I learned the hard way that “almost official” is the worst kind of score. That is how you end up arguing on Facebook for five years about a buck that never got entered.
Protect the Rack Like It’s Evidence, Because Stuff Happens Fast
This is a mistake to avoid. Guys lose inches with damage, heat, or sloppy handling, and then they blame the tape.
Here is what I do. I keep it off the floor, away from dogs, away from heaters, and away from buddies who want to “see how wide it is.”
If you are hunting camp-style like I have in Buffalo County, Wisconsin, forget about hanging it where everybody grabs it and focus on putting it somewhere quiet and dry. Public land pressure already makes big bucks rare, so don’t turn luck into regret.
One more thing. Do not screw with the skull plate unless you know what you are doing, because a cracked plate is a stupid way to ruin a great mount and make measuring harder.
Make Your Entry Story Clean, Because Boone and Crockett Is Not Camp Talk
This is a decision. Are your details tight enough that you could tell them the same way a year from now.
Here is what I do. I write down the date, the county, the weapon, and who witnessed the recovery, and I save it in my phone and on paper.
I also label my photos. “Nov 6, 2024, Pike County IL, morning,” beats “Big buck lol,” every time.
If you bounce between spots like I do between a small Illinois lease and Missouri Ozarks public, forget about fuzzy memory and focus on notes that match your tag and your state rules. That is how you avoid headaches later.
Don’t Let the Mount Choice Mess With Your Measuring Plan
This is a tradeoff. A fast shoulder mount looks great on the wall, but rushing it can complicate scoring if the rack is borderline.
Here is what I do. I talk to the official measurer first, then I talk to the taxidermist.

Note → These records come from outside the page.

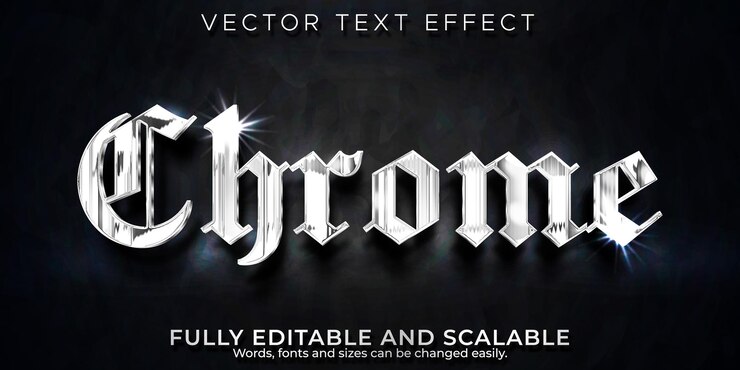 Vector chrome text effect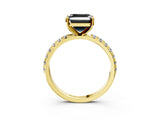 Yellow gold Fancy Black Asscher Cut Diamond Solitaire Pavé Band with Four-Prong Setting_3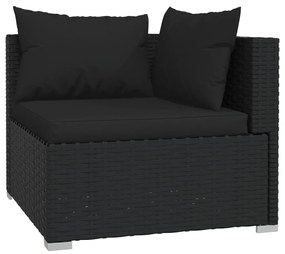 Set mobilier de gradina cu perne, 11 piese, negru, poliratan Negru, 3x colt + 7x mijloc + masa, 1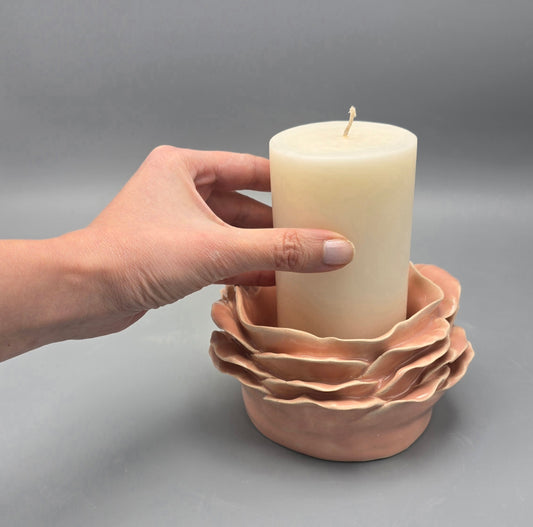 Petal Light Peach Candle Holder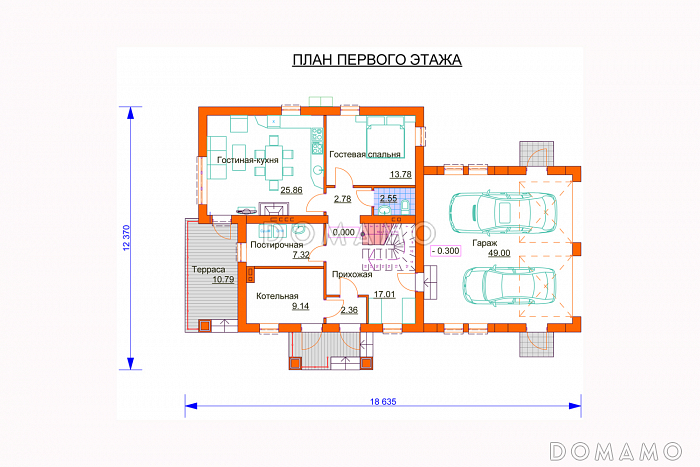 Проект дома с гаражом на две машины, просторной кухней-гостиной с выходом на террасу, гостевой спальней на первом этаже, балконами / План 1 этажа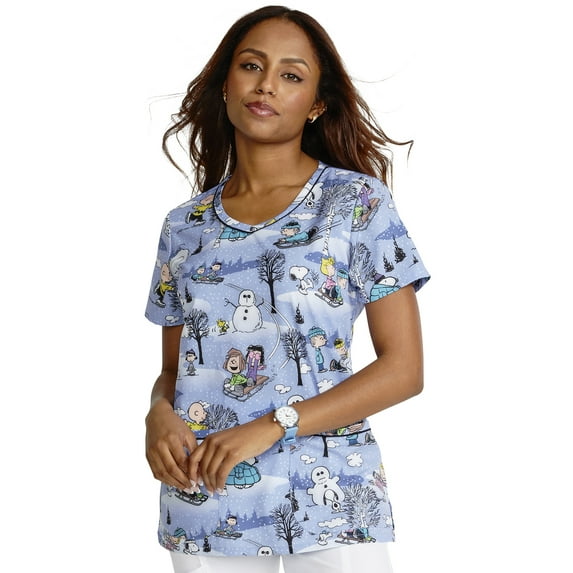 Tooniforms Scrubs Top For Women V-Neck Print TF633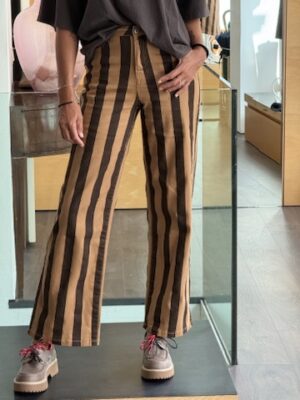 Jeans righe cannella cioccolato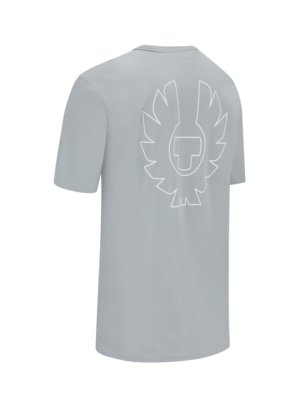Hellgraues T-Shirt mit kurzem Arm. Auf der Rückseite ist ein weißes Logo abgebildet. Das Logo hat die Form eines Flügels mit einem T-förmigen Detail in der Mitte. Der Hintergrund ist weiß.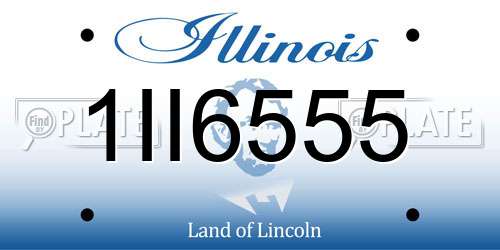 1II6555 Illinois License Plate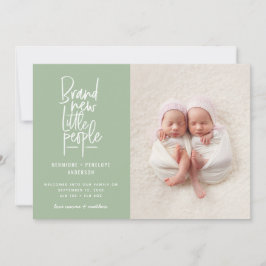 Det moderna hand plockade twin baby-födelsemeddela meddelande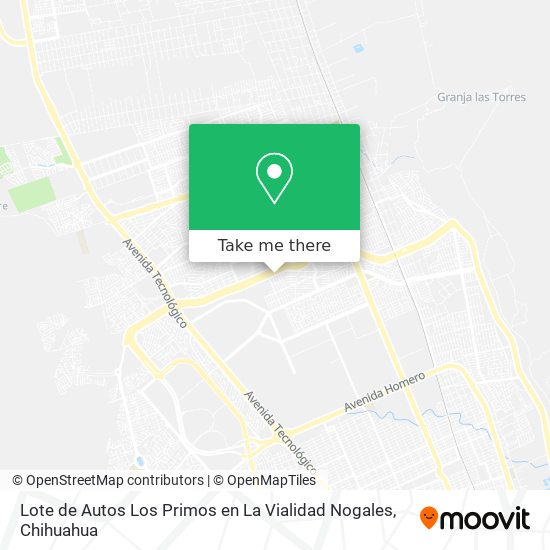 Mapa de Lote de Autos Los Primos en La Vialidad Nogales
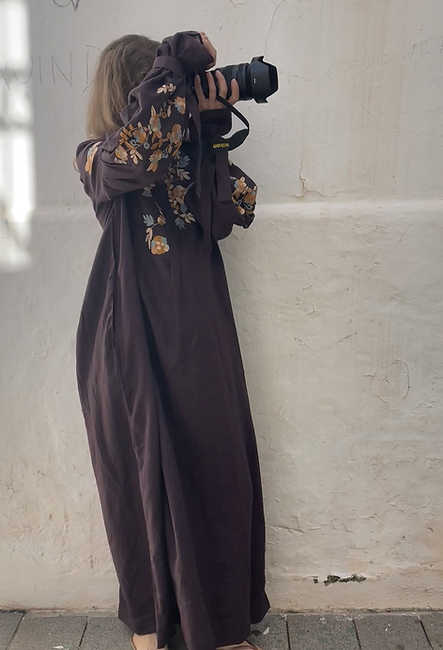 linen with hand embroidery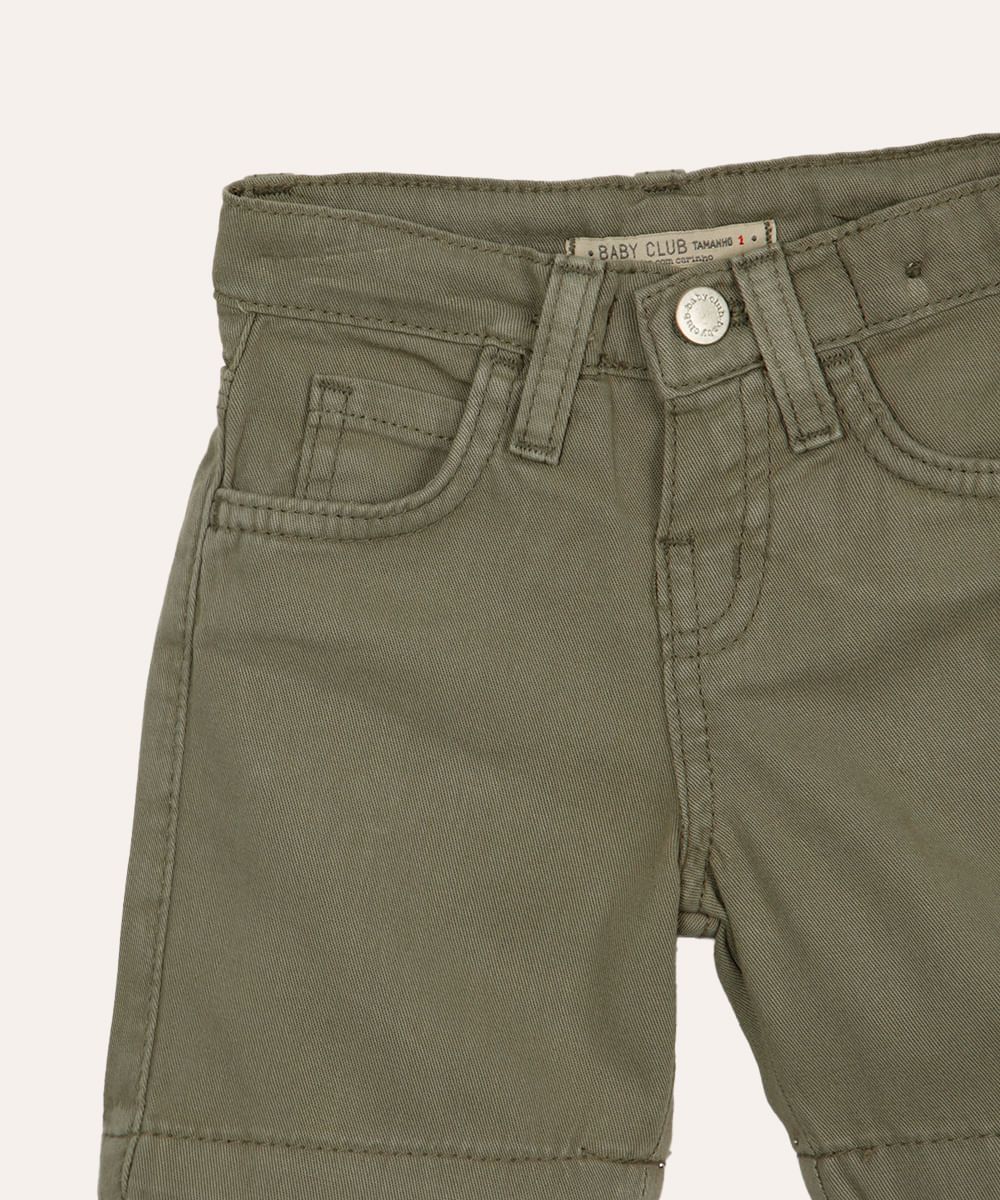 bermuda de sarja infantil com bolsos verde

If I am doing a euro mount, I still keep the skull plate intact and I do not saw it down until I know the measurer does not need anything else.
I process my own deer in the garage, taught by my uncle who was a butcher, and I am comfortable doing clean work. But I still slow way down around the head because one bad cut is forever.
Use the Right People, Not the Loudest People
This is the part where emotions get you. Everybody has a tape, and everybody has an opinion.
My buddy swears by “just take it to the taxidermist and they’ll score it.” I have found that works only if the taxidermist is an official measurer, and plenty are not.
Here is what I do. I find the official measurer, schedule it, and show up with the rack clean and untouched.
If you are hunting the Missouri Ozarks and you finally kill a buck that looks special, forget about letting five guys manhandle it in the truck bed and focus on keeping it safe. I have seen tine tips busted off from pure carelessness.
Be Honest About the Hit and the Recovery, Because That’s Part of Being Proud of It
I have to say this because it still sits in my gut. In 2007 I gut shot a doe, pushed her too early, never found her, and I will wear that one forever.
Here is what I do now. If the hit is not perfect, I slow down, back out, and I do not let adrenaline make choices for me.
If you are hunting thick stuff like the Missouri Ozarks, forget about “I’ll just go take a quick look” and focus on time and patience. A bumped deer can go 350 yards into a hole that eats your whole night.
One Last Reality Check Before You Send Anything In
If it is way over the minimum, the process is easy. If it is close, the process is stressful, and that is why you do it clean.
Here is what I do. I keep my mouth shut until the drying period is done and the official score is on paper.
Then I celebrate. Then I tell the story.
Back in 1998 in Iron County, Missouri, I killed my first deer, an 8-point with a borrowed rifle, and the only “record” was how hard my hands shook. I still remember that feeling, and I still try to treat every deer with respect, whether it is a 110-inch Ozarks buck or a Pike County bruiser that might make the book.
If you want my take on your buck, tell me the state, the county, the rough inside spread, and whether it looks clean typical or has abnormal points. I will tell you the next step I would take and the exact mistake I would avoid.